EXERCISE DETAILS — Your task is to copy the lines of the data below from the line holding "Used 2018 Chevrolet Malibu LT image 8" through the line holding "Frans Bauer opnames", inclusive, exactly and with nothing added.

RAW DATA —
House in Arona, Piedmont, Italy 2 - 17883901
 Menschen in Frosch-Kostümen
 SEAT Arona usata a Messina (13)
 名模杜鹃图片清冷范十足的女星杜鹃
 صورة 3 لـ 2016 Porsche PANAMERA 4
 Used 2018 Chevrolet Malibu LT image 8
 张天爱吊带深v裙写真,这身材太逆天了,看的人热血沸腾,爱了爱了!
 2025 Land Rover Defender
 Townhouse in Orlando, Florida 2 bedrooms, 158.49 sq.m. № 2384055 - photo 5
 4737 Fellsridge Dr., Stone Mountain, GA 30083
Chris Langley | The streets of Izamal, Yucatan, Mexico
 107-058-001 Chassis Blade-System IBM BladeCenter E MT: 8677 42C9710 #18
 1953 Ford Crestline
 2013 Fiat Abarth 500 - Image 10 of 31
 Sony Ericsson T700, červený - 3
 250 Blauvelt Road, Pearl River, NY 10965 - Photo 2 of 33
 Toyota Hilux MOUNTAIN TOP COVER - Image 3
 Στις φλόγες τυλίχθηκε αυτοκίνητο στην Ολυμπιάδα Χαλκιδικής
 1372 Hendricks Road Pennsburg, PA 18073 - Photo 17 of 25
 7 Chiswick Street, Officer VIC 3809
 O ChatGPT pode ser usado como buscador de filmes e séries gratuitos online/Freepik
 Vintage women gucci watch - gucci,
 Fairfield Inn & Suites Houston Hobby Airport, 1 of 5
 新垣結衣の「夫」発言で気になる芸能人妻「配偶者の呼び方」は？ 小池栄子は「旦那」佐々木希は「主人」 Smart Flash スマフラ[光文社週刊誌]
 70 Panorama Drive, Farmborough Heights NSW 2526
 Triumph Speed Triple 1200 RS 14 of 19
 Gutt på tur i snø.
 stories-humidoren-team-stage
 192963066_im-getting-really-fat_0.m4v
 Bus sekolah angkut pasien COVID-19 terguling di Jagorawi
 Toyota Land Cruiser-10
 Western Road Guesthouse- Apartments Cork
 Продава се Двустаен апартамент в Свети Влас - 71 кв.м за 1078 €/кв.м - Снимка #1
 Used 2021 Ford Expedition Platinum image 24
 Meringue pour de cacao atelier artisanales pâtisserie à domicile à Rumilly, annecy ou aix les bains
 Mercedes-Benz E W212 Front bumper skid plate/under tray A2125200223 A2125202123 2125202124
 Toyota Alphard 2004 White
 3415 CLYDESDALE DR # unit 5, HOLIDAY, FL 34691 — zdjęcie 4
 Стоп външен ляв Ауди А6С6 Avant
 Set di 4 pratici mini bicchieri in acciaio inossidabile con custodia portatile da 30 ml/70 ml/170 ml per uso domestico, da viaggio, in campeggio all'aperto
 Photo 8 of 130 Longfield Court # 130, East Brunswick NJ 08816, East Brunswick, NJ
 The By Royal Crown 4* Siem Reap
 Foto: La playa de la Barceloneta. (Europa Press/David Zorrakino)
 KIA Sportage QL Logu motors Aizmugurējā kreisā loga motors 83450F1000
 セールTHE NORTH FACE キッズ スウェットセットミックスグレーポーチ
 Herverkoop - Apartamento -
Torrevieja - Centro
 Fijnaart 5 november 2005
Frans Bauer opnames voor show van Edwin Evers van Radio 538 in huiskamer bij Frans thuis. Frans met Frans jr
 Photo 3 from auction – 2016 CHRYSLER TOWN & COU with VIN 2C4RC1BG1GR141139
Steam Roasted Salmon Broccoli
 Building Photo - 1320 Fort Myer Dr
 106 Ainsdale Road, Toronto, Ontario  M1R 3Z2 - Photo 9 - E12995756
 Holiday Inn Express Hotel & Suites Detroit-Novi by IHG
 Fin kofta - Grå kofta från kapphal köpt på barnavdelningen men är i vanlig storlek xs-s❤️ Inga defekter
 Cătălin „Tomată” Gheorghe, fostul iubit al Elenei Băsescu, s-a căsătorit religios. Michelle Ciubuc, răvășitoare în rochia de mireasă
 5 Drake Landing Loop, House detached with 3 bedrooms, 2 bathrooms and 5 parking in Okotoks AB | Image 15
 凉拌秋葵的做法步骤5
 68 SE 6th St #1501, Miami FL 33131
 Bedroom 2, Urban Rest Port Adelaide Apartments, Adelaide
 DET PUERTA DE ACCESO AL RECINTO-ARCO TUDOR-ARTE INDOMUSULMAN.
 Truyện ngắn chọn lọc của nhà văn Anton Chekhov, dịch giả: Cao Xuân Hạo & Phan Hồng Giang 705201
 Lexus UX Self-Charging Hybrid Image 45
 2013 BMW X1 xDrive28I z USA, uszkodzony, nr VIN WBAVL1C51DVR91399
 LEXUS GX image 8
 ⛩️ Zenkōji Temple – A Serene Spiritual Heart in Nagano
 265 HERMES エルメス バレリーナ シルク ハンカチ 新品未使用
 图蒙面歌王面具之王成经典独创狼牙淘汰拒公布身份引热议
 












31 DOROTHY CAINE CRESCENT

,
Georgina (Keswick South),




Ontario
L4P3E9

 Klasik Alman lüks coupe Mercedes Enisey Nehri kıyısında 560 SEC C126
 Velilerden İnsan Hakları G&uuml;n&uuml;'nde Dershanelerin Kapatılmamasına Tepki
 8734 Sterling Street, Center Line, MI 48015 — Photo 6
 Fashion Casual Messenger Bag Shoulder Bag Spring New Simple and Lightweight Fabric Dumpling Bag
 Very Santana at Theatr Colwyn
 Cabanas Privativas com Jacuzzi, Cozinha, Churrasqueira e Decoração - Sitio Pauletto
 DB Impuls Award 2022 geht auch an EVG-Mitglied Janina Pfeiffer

THE ANSWER —
 Used 2018 Chevrolet Malibu LT image 8
 张天爱吊带深v裙写真,这身材太逆天了,看的人热血沸腾,爱了爱了!
 2025 Land Rover Defender
 Townhouse in Orlando, Florida 2 bedrooms, 158.49 sq.m. № 2384055 - photo 5
 4737 Fellsridge Dr., Stone Mountain, GA 30083
Chris Langley | The streets of Izamal, Yucatan, Mexico
 107-058-001 Chassis Blade-System IBM BladeCenter E MT: 8677 42C9710 #18
 1953 Ford Crestline
 2013 Fiat Abarth 500 - Image 10 of 31
 Sony Ericsson T700, červený - 3
 250 Blauvelt Road, Pearl River, NY 10965 - Photo 2 of 33
 Toyota Hilux MOUNTAIN TOP COVER - Image 3
 Στις φλόγες τυλίχθηκε αυτοκίνητο στην Ολυμπιάδα Χαλκιδικής
 1372 Hendricks Road Pennsburg, PA 18073 - Photo 17 of 25
 7 Chiswick Street, Officer VIC 3809
 O ChatGPT pode ser usado como buscador de filmes e séries gratuitos online/Freepik
 Vintage women gucci watch - gucci,
 Fairfield Inn & Suites Houston Hobby Airport, 1 of 5
 新垣結衣の「夫」発言で気になる芸能人妻「配偶者の呼び方」は？ 小池栄子は「旦那」佐々木希は「主人」 Smart Flash スマフラ[光文社週刊誌]
 70 Panorama Drive, Farmborough Heights NSW 2526
 Triumph Speed Triple 1200 RS 14 of 19
 Gutt på tur i snø.
 stories-humidoren-team-stage
 192963066_im-getting-really-fat_0.m4v
 Bus sekolah angkut pasien COVID-19 terguling di Jagorawi
 Toyota Land Cruiser-10
 Western Road Guesthouse- Apartments Cork
 Продава се Двустаен апартамент в Свети Влас - 71 кв.м за 1078 €/кв.м - Снимка #1
 Used 2021 Ford Expedition Platinum image 24
 Meringue pour de cacao atelier artisanales pâtisserie à domicile à Rumilly, annecy ou aix les bains
 Mercedes-Benz E W212 Front bumper skid plate/under tray A2125200223 A2125202123 2125202124
 Toyota Alphard 2004 White
 3415 CLYDESDALE DR # unit 5, HOLIDAY, FL 34691 — zdjęcie 4
 Стоп външен ляв Ауди А6С6 Avant
 Set di 4 pratici mini bicchieri in acciaio inossidabile con custodia portatile da 30 ml/70 ml/170 ml per uso domestico, da viaggio, in campeggio all'aperto
 Photo 8 of 130 Longfield Court # 130, East Brunswick NJ 08816, East Brunswick, NJ
 The By Royal Crown 4* Siem Reap
 Foto: La playa de la Barceloneta. (Europa Press/David Zorrakino)
 KIA Sportage QL Logu motors Aizmugurējā kreisā loga motors 83450F1000
 セールTHE NORTH FACE キッズ スウェットセットミックスグレーポーチ
 Herverkoop - Apartamento -
Torrevieja - Centro
 Fijnaart 5 november 2005
Frans Bauer opnames voor show van Edwin Evers van Radio 538 in huiskamer bij Frans thuis. Frans met Frans jr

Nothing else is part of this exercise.